• [Task item] The task calls for the lines below from the line with "Ma-Cabane - Vente Maison Herzeele, 123 m²" to the line with "Nice Phase 2", both ends included, copied exactly, without any pictures.

• [Records for this task]
==*==
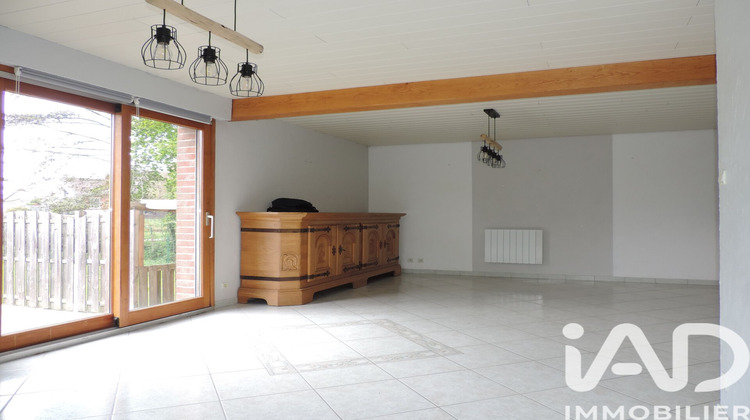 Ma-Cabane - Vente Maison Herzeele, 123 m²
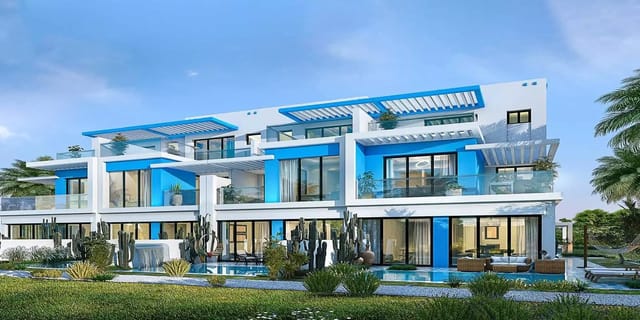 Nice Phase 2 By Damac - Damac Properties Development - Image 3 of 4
==*==
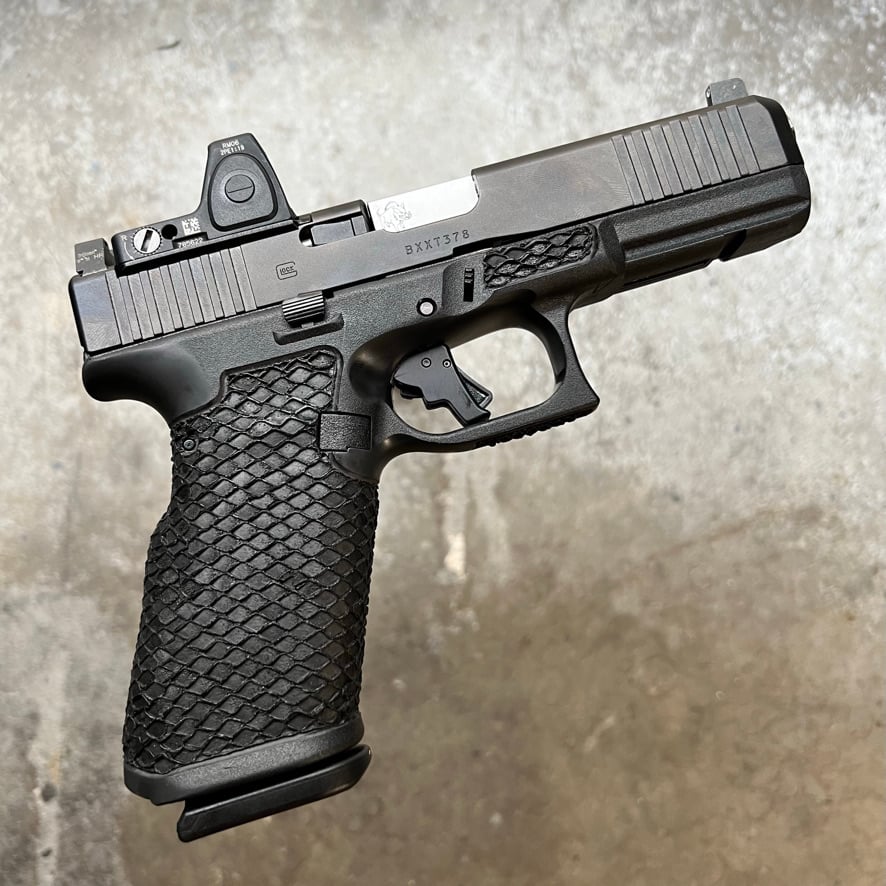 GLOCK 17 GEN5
==*==
• [Problem solution]
 Ma-Cabane - Vente Maison Herzeele, 123 m²
 Nice Phase 2 By Damac - Damac Properties Development - Image 3 of 4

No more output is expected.